Wybory Prezydenckie mają odbyć się 10 maja. Tymczasem Senat odrzucił wczoraj (5 maja) wieczorem ustawę o korespondencyjnym głosowaniu. Teraz projekt trafi do Sejmu.
Senatorowie zajmowali się umożliwiającą przeprowadzenie wyborów prezydenckich w trybie korespondencyjnym we wtorek 5 maja tego roku. Około godziny 21:30 odbyło się głosowanie, w którym udział wzięło 86 senatorów. 50 była za, 35 – przeciw, 1 wstrzymał się od głosu. Dodajmy, że nowe przepisy zakładają, że marszałek Sejmu może przesunąć termin wyborów, jednak w granicach wyznaczonych przez konstytucję (czyli do 23 maja). Za przeprowadzenie wyborów odpowiedzialny ma być minister aktywów państwowych (chodzi m.in. o opracowanie wzoru karty wyborczej bądź zlecenie doręczenia pakietów do głosowania przez Pocztę Polską).

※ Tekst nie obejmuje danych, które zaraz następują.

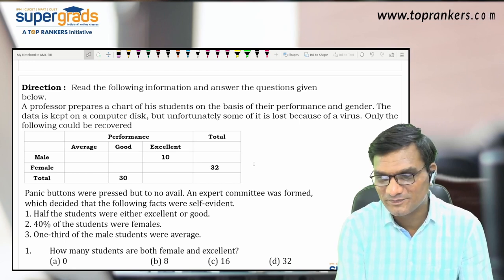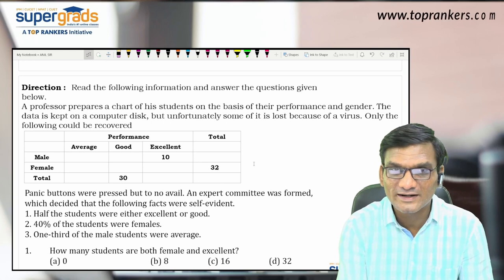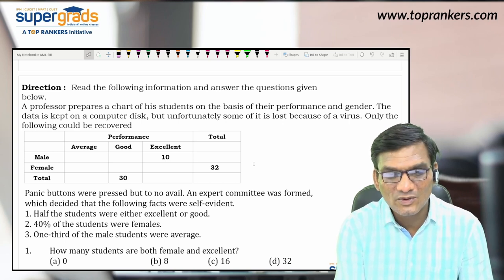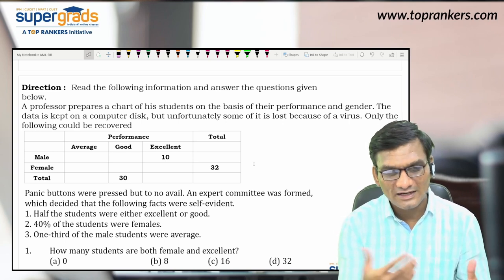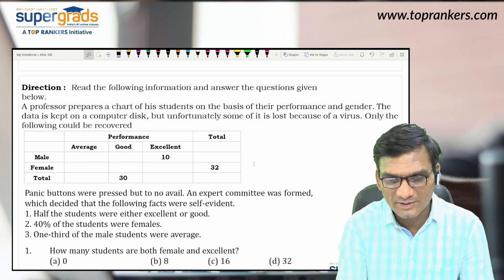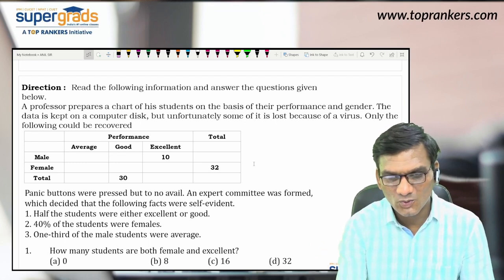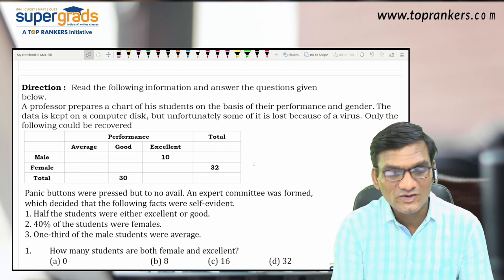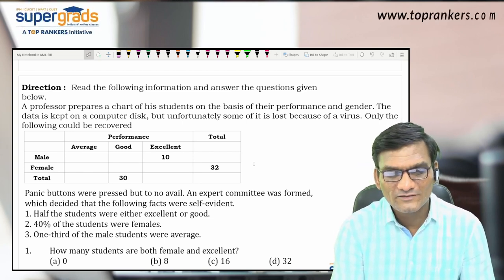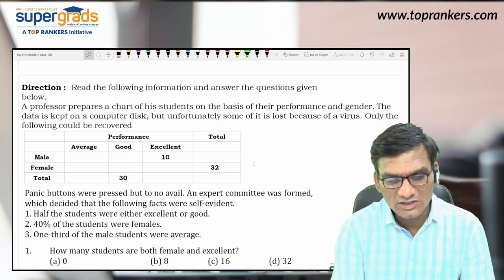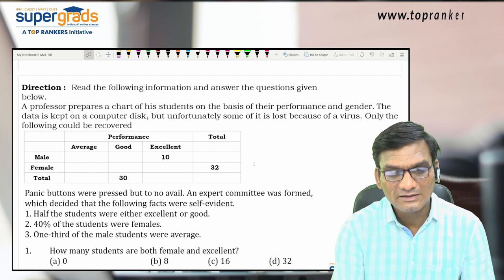The data is kept on a computer disk but unfortunately some of it is lost because of a virus. Only the following could be recovered. The table covers performance — divided into average, good, and excellent — and gender — male and female — with totals shown both row-wise and column-wise. An expert committee found the following self-evident facts: half the students were either excellent or good.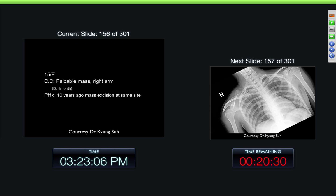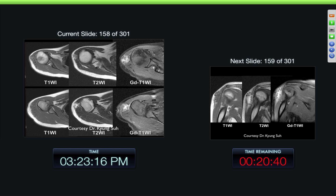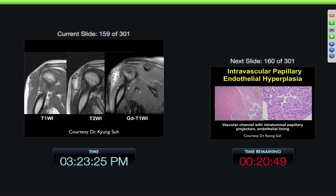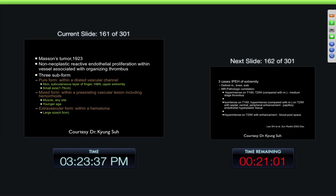15-year-old, palmar mass right arm known for one month ten years ago — mass was incised at the same site. Here we can see the lesion with scalloped margins and inhomogeneous enhancement. Again, scalloped margins, fat extending into it with septa — kind of a septal appearance. And this was a papillary endothelial hyperplasia — a benign type tumor, also called Masson's tumor.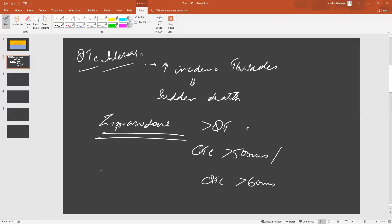Patients on Ziprasidone can suffer from these changes in rhythm if they have concurrent hypokalemia, underlying cardiovascular disease, or pre-existing QT interval prolongation.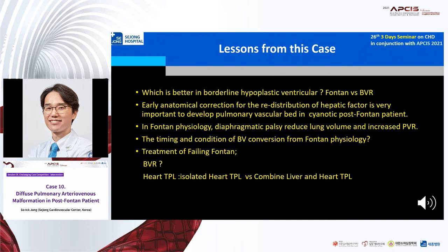From this case, we learned many lessons. We still don't know which is better for borderline hypoplastic ventricles. Good Fontan but chronic complications were driven by single ventricle physiology. Early anatomical reconnection for the redistribution of hepatic factors is very important to develop the pulmonary vascular bed in cyanotic post-Fontan patients. Also, in Fontan physiology, diaphragm palsy reduced lung volume and increased pulmonary vascular resistance. The timing and conditions for biventricular conversion from Fontan physiology are still unclear. Finally, what is the best treatment of failing Fontan?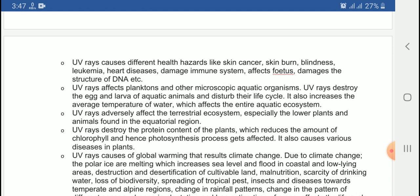UV rays damage the structure of DNA. It is important to note that UV rays can cause skin cancer. You can have a lot of pain, and leukemia means more lack of white blood cells. White blood cells are related to disease.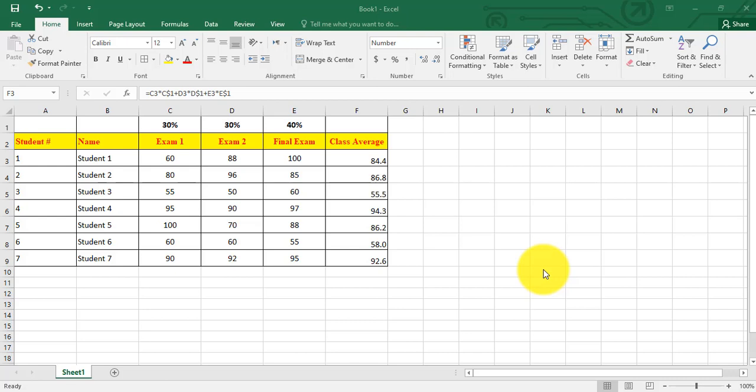Hello, in this video we will see how to apply conditional formatting to highlight cells in Excel. In this example, I have student grades. Let's say for the class average, I need to highlight students who got a grade greater than 90 in green.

Ustawa trafi teraz do Sejmu. Aby odrzucić stanowisko Senatu wymagana jest bezwzględna większość głosów - liczba głosów "za" musi być większa niż suma głosów "przeciw" i wstrzymujących się. Trwają spekulacje dotyczące tego, jak zagłosuje koalicja PiS – Porozumienie Jarosława Gowina, którego lider stanowczo twierdzi, że wybory prezydenckie w proponowanej formule nie mogą odbyć się w maju.